* Exercise materials:
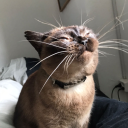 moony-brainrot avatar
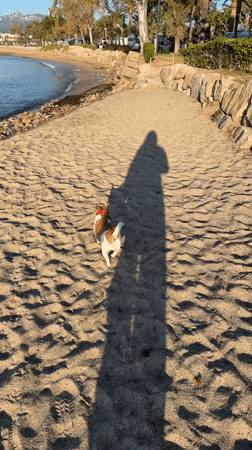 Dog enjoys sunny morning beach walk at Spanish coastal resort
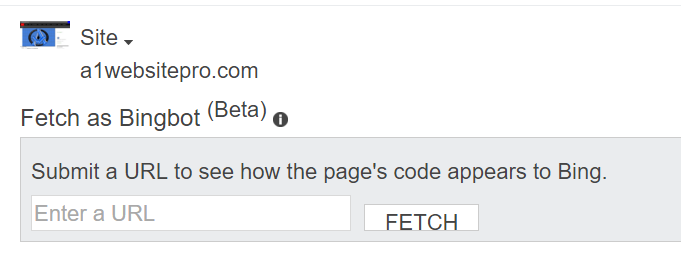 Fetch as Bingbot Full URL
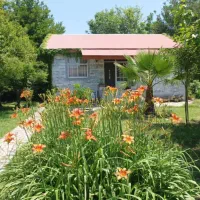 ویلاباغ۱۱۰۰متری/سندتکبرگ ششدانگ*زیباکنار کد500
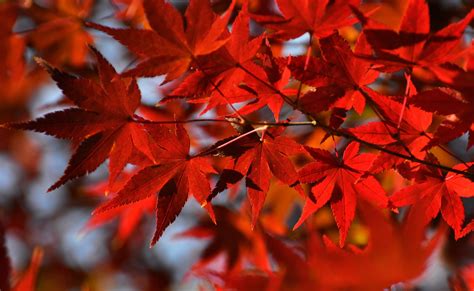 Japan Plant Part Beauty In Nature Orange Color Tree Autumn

...

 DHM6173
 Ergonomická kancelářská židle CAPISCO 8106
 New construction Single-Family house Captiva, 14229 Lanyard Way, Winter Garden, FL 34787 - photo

* * *

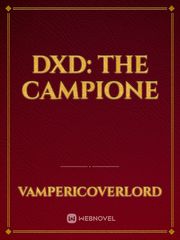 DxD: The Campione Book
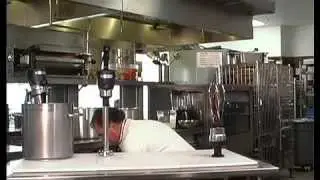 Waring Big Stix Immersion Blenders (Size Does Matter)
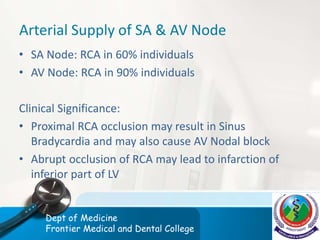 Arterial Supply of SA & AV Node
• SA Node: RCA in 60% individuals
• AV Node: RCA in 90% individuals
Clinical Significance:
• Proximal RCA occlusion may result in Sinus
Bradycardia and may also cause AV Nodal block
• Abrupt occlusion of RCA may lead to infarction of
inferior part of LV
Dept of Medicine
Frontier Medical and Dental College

* Problem statement: Give only the lines from the one holding "Bradycardia and may also cause AV Nodal block" through the one holding "Frontier Medical and Dental College", each restated exactly as it appears above.

* Result:
Bradycardia and may also cause AV Nodal block
• Abrupt occlusion of RCA may lead to infarction of
inferior part of LV
Dept of Medicine
Frontier Medical and Dental College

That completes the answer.